Chronique d'une Biennale : Tabernacle !

Encore bien des déceptions pendant cette dernière semaine de Biennale de la Danse. Mais une belle surprise nous a permis de rapidement les oublier : Catherine Gaudet et sa danse viscérale venue du Canada.


Lancé par Christian Rizzo et Rachid Ouramdane, le courant que nous avons choisi de nommer la "Danse creuse" a fait cette semaine encore des émules : Cécilia Bengolea & François Chaignaud présentant une sorte d'étape de travail sans consistance, et, surtout, l'américain Jonah Bokaer aux pièces hiératiques dénuées de tout soupçon de chorégraphie ou d'intensité physique...

De l'intensité et du corps, il a fallu en chercher au Québec avec l'étonnante pièce de Catherine Gaudet, Au sein de nos plus raides vertus (2014)... Pas besoin d'être grand linguiste pour deviner dans le titre même du spectacle quelques traits d'ironie libidineuse. Et c'est là, justement, tout le propos et tout l'intérêt du quatuor de Catherine Gaudet : comment dans un même corps, comment dans un même groupe (deux hommes et deux femmes confinés dans un espace scénique restreint et bien délimité), faire vivre, tressaillir, se frotter, s'entrechoquer des forces contradictoires, des polarités opposées. Bref, il s'agit ici rien moins que de danser, de crier, de parler, de chanter (toutes formes utilisées par la chorégraphe)... l'ambivalence !

Singulier pluriel

La pièce commence un peu lentement et nous avons craint au début que Catherine Gaudet ne se limite à des passages alternatifs ou à des contrastes un peu manichéens et faciles : du chant religieux éthéré aux entrelacs organiques au sol ; des caresses sensuelles à leur transformation en claques et coups sadiques... Mais après un quart d'heure de doutes, l'écriture de la chorégraphe et l'interprétation des quatre danseurs parvient à une autre dimension : comment montrer dans un même geste deux pulsions opposées, dans un même solo plusieurs personnalités, dans un même dispositif groupal toutes les nuances de la vie d'un groupe (de la bienveillance à la bestialité en passant par tant d'autres états du corps collectif)...

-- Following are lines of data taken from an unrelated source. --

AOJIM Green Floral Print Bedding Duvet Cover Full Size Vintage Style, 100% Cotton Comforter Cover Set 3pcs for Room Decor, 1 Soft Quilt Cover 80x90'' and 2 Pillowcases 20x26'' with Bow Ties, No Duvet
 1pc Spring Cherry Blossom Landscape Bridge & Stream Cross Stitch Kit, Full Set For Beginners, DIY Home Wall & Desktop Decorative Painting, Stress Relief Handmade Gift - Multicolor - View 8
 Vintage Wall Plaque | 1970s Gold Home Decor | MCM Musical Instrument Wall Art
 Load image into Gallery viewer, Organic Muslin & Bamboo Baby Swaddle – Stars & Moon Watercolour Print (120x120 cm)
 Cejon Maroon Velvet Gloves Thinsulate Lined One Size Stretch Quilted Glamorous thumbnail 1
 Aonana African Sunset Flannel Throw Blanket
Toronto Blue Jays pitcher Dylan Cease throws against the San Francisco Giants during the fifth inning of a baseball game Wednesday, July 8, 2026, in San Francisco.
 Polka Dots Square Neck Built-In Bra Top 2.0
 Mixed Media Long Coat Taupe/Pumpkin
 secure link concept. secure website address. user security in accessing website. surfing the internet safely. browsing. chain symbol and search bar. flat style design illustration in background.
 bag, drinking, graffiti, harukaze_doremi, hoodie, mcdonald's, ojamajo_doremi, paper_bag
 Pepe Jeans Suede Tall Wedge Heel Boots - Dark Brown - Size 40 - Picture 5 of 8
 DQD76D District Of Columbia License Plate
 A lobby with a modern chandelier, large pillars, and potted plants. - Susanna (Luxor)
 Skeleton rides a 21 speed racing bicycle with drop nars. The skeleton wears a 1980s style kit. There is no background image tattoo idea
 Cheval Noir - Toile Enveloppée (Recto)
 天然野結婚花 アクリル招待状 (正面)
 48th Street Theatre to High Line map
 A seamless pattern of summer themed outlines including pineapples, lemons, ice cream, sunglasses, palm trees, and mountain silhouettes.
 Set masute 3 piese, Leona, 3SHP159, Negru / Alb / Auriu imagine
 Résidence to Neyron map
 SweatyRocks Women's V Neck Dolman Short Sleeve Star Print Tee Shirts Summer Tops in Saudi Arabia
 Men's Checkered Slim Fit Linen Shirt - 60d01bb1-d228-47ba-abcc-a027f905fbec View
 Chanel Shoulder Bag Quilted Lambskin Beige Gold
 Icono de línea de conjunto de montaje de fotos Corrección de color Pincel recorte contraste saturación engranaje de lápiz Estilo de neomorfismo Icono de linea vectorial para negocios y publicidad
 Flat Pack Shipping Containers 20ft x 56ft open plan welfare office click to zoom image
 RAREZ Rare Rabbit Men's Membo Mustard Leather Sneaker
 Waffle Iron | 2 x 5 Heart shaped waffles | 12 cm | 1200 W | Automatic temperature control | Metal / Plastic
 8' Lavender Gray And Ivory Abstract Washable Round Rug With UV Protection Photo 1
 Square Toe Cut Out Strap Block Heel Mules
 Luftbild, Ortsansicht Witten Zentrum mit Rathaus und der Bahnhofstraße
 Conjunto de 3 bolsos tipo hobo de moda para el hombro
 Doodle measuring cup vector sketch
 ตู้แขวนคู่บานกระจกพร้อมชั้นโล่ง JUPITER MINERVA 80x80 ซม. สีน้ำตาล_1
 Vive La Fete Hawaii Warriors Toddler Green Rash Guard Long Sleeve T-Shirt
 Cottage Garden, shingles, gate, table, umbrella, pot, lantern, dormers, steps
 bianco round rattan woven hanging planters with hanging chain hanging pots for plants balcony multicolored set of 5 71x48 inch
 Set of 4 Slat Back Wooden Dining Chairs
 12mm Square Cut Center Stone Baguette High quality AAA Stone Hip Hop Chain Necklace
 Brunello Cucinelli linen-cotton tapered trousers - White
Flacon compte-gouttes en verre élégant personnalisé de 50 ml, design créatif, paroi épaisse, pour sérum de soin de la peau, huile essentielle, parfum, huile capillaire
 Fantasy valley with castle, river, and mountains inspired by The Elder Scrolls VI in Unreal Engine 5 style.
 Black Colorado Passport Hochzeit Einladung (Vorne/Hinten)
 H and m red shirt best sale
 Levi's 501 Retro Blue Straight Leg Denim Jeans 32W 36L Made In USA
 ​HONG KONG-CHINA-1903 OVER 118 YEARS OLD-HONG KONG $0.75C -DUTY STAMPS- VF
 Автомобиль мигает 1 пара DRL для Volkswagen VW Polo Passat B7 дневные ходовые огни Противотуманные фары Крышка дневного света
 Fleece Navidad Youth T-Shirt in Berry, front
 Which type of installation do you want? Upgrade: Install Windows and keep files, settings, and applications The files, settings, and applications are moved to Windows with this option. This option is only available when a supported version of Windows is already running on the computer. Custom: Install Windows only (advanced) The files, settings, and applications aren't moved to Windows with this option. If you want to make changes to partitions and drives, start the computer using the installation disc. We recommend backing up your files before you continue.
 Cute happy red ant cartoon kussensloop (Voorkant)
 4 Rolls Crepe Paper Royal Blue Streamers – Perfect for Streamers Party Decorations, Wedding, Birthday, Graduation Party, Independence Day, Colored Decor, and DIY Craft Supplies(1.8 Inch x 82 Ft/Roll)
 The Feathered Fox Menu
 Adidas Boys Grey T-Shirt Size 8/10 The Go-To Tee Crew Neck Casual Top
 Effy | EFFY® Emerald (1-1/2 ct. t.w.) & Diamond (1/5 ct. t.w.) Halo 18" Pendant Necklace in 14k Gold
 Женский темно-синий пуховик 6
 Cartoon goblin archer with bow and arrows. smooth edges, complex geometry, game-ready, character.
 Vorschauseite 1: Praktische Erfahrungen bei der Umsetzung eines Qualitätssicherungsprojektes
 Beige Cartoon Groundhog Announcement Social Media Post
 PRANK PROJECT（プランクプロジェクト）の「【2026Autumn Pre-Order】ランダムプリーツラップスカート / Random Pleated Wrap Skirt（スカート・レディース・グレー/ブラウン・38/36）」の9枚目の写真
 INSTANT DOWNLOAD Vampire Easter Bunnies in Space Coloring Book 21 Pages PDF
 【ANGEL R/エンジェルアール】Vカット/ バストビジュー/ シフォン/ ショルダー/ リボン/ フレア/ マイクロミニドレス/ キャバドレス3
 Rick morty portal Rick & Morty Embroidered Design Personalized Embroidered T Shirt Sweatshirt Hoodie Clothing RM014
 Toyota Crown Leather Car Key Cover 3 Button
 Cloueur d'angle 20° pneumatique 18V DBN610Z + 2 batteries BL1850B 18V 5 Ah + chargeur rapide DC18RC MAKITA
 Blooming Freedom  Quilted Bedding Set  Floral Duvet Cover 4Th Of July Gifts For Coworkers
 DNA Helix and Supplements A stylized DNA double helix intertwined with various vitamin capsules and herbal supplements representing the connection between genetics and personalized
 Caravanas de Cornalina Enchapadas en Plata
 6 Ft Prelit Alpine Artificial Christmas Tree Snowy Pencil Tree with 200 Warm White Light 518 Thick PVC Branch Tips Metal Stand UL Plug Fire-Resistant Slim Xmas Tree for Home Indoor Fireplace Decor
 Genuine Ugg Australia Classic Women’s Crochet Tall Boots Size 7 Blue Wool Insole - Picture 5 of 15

Cela passe évidemment par une incroyable capacité des danseurs à tordre, à désarticuler leurs corps ; à changer de registre expressif aussi ; à passer de la reptation à la station verticale et inversement en un clin d'œil... Et la pièce fait mieux encore en nous transportant dans l'histoire (on peut lire à même les corps différents "âges" : un âge médiéval, un âge zombie, un âge animal, un âge robotique...), et différents espaces sociaux (l'église, la fête entre amis, l'orgie, le club de danse, le Radeau de la Méduse...). Au sein de nos plus raides vertus est une pièce-monde, une pièce peuplée, une variation continue, un devenir incertain.